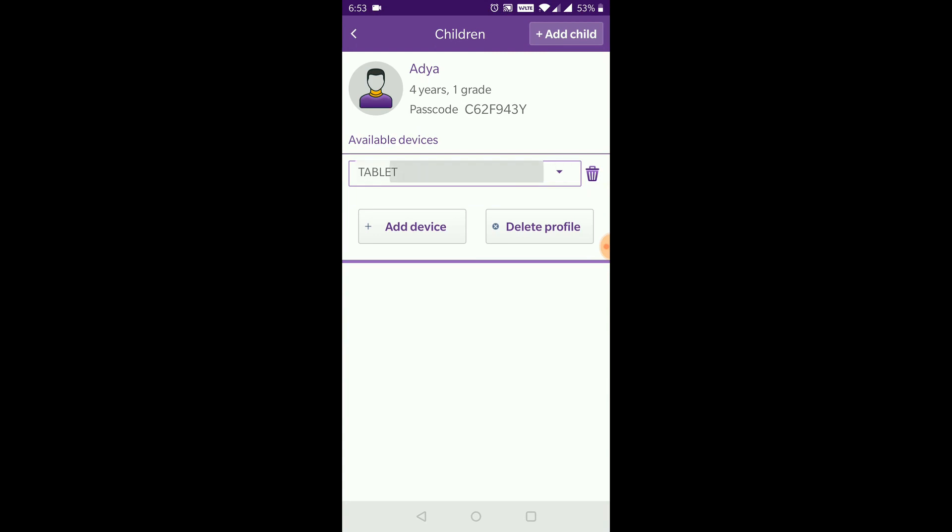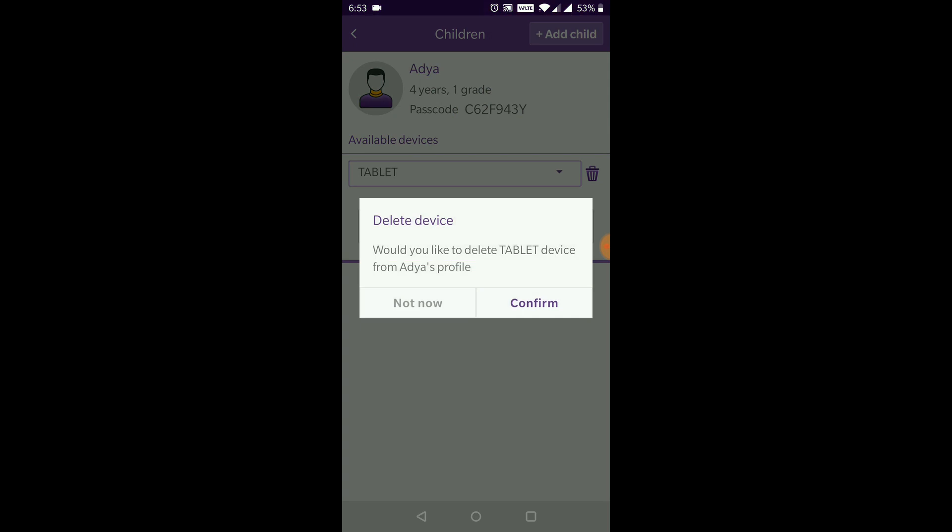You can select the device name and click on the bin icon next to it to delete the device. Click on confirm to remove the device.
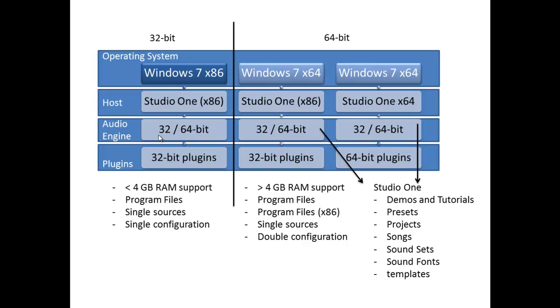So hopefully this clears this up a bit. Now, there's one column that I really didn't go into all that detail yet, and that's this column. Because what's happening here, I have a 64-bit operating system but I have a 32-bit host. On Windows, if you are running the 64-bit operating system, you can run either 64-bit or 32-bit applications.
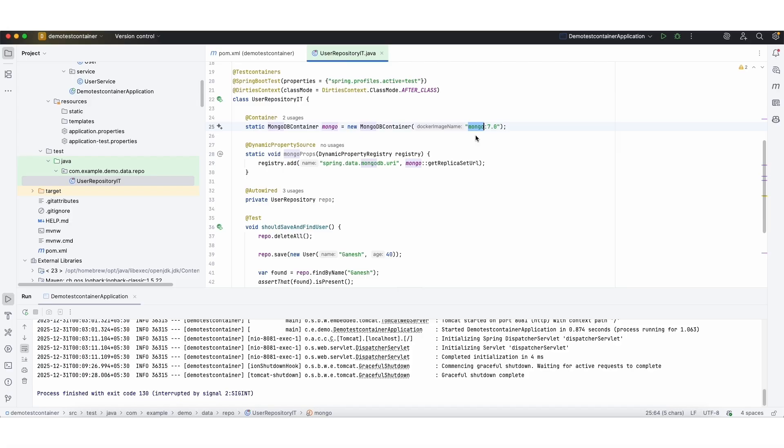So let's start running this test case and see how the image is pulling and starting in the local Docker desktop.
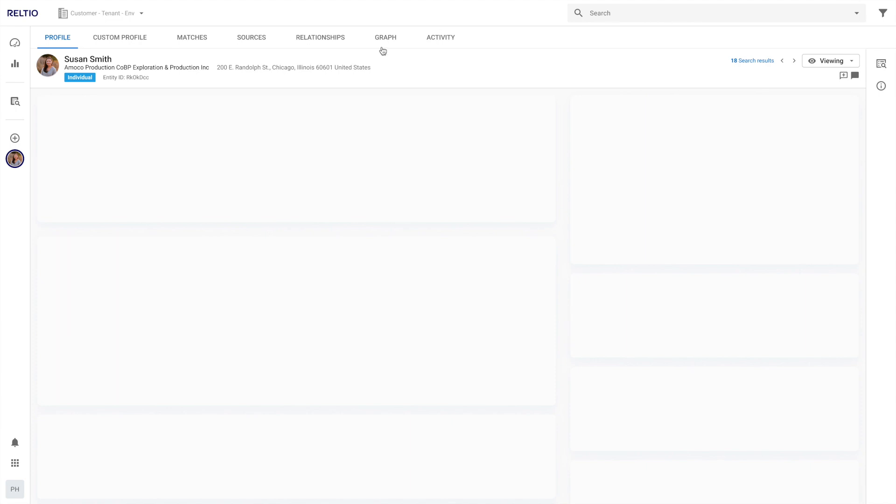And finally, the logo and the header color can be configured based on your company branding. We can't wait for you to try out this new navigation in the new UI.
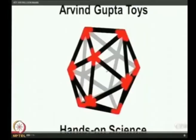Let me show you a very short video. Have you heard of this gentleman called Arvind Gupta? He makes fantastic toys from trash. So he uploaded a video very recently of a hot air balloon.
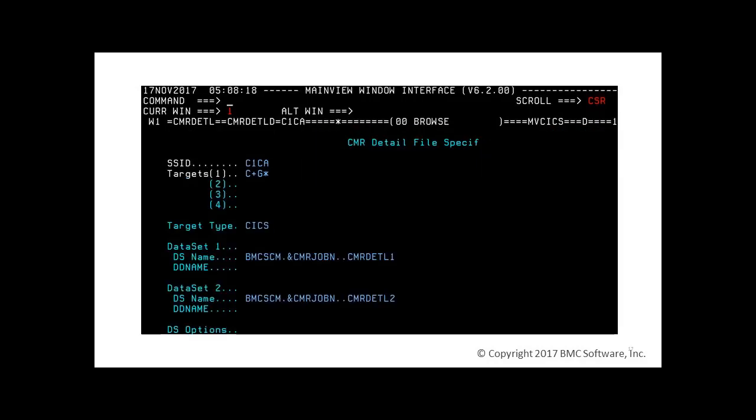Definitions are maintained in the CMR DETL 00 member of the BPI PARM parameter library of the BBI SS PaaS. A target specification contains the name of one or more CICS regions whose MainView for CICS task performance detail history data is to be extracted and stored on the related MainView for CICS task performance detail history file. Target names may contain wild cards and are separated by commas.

------

_What needs to be done_
Your task is to restate word for word the lines from the top of the data to the line containing "So hopefully this", both ends included, with every picture left out.

_Final answer_
You can select the device name and click on the bin icon next to it to delete the device. Click on confirm to remove the device.
So hopefully this clears this up a bit. Now, there's one column that I really didn't go into all that detail yet, and that's this column. Because what's happening here, I have a 64-bit operating system but I have a 32-bit host. On Windows, if you are running the 64-bit operating system, you can run either 64-bit or 32-bit applications.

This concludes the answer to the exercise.